2. applying recent Working Group practice with TCCs and inviting them to early and substantive exchanges of information and also inviting other key stakeholders as appropriate; and

3. political military updates and review with DPKO of planning documents and benchmarks.

(This would involve the Working Group gearing up to address seven missions in four months: Sierra Leone and Liberia (September); Haiti (October); and Cyprus, DRC, Burundi and UNDOF (December).)

Council and Wider Dynamics
There is general agreement that the focus this year on peacekeeping is timely. Members seem open to having an outcome document. Some question the value of another debate so soon after the debate under the Turkish presidency on 29 June. However, most members agree that the fact that the full text of the “New Horizon” non-paper is now available means that the debate is likely to add new value.

There is support for greater Council oversight of mission mandates, the need for credible mandates and better interaction with TCCs. Most members are also very keen for the Secretariat’s “New Horizon” document to feed into the next phase of the review process.

The UK and France continue to take the lead on this issue and have been particularly energetic in persuading members to take a more strategic look at mandates this year.

The US appears ready to play an active role. During the June debate the US said that it will contribute more military observers, military staff officers and civilian police and other civilian personnel to peacekeeping operations.

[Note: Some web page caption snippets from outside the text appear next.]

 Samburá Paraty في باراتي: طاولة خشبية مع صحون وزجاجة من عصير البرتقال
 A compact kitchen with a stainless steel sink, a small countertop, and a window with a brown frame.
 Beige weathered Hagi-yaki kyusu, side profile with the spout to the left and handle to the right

There is support for developing the peacebuilding dimensions so as to more safely accelerate the transfer of responsibility from peacekeepers to host countries. Many also recognise the dangers of drawing down too early.

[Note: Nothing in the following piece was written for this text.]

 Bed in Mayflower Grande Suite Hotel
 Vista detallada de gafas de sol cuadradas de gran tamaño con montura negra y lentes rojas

As chair of the Working Group, Japan has been instrumental in engaging major TCCs. It is willing to continue to provide a forum for TCC interaction but appears to be waiting for further direction from members before deciding on its agenda for the rest of the year.

UN Documents

Selected Security Council Resolutions

  • S/RES/1876 (26 June 2009) renewed UNOGBIS till 31 December 2009 and requested it be succeeded by a peacebuilding office (UNIOGBIS).
  • S/RES/1873 (29 May 2009) renewed UNFICYP and noted the importance of contingency planning in relation to settlement.
  • S/RES/1870 (20 May 2009) renewed UNMIS till 30 April 2010
  • S/RES/1868 (23 March 2009) renewed UNAMA until 23 March 2010 and included a request to include benchmarks in the next report.
  • S/RES/1867 (26 February 2009) renewed UNMIT until 26 February 2010.
  • S/RES/1865 (27 January 2009) renewed UNOCI until 31 July 2009.
  • S/RES/1864 (23 January 2009) renewed UNMIN till 23 July 2009.
  • S/RES/1861 (14 January 2009) renewed MINURCAT and endorsed the benchmarks towards the exit strategy of MINURCAT in the Secretary-General’s report.
  • S/RES/1856 (22 December 2008) renewed MONUC till 31 December 2009.

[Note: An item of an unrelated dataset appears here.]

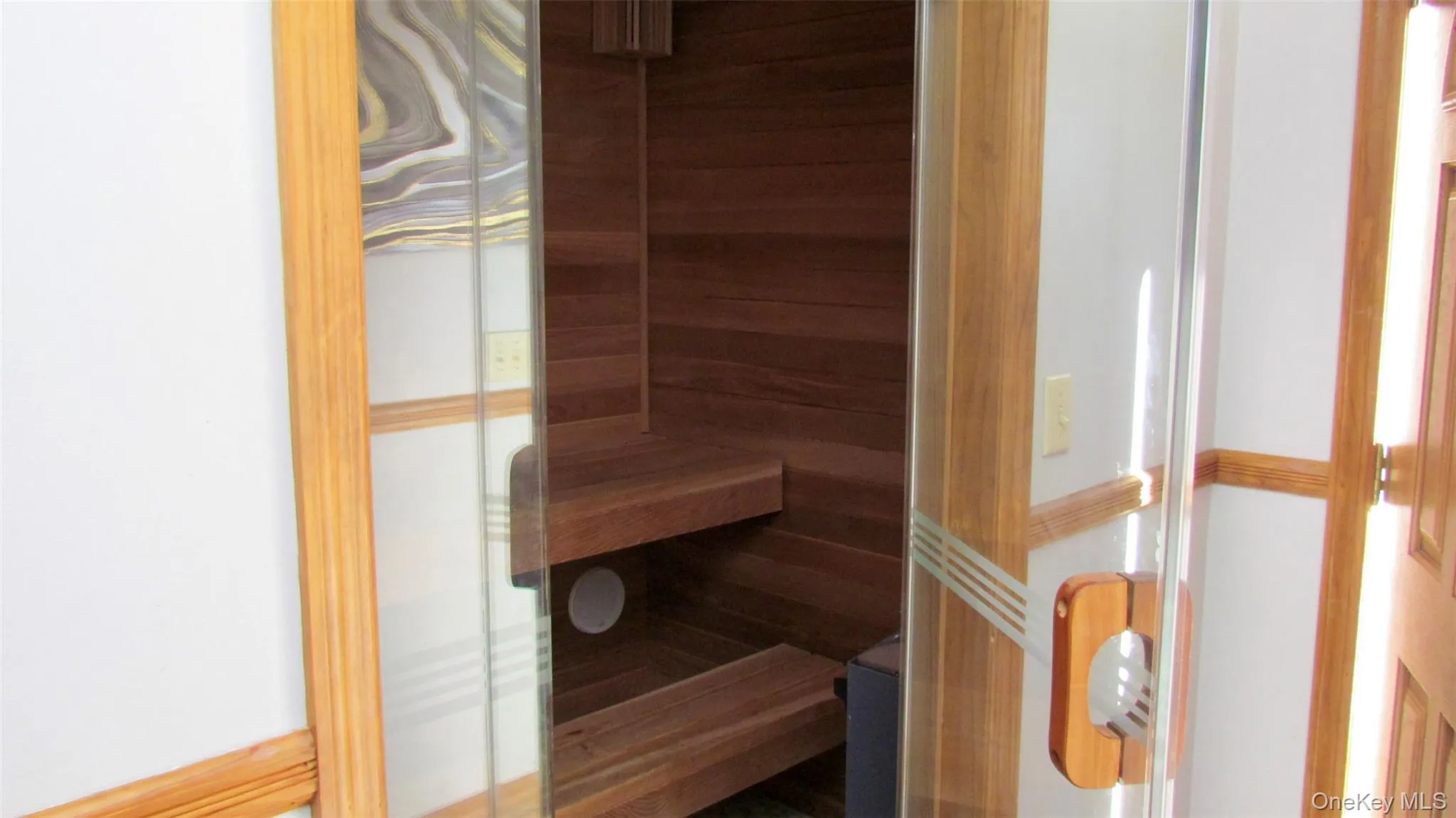 Integrated sauna with clear glass door, wooden handle, and tiered wooden benches Integrated sauna with clear glass door, wooden handle, and tiered wooden benches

Selected Presidential Statements

  • S/PRST/2009/23 (22 July 2009) was on post-conflict peacebuilding.
  • S/PRST/2004/16 S/ (17 May 2004) was the presidential statement following the debate on peacekeeping operations, mandates and resources.
  • S/PRST/1994/22 (3 May 1994) addressed issues relating to improving the capacity of the UN for peacekeeping.

Selected Meeting Records

  • S/PV.6153 and resumption 1 (29 June 2009) was the debate on the relationship with TCC/PCCs.
  • S/PV.6075 (23 January 2009) was on UN peacekeeping missions and was part of the UK-France initiative.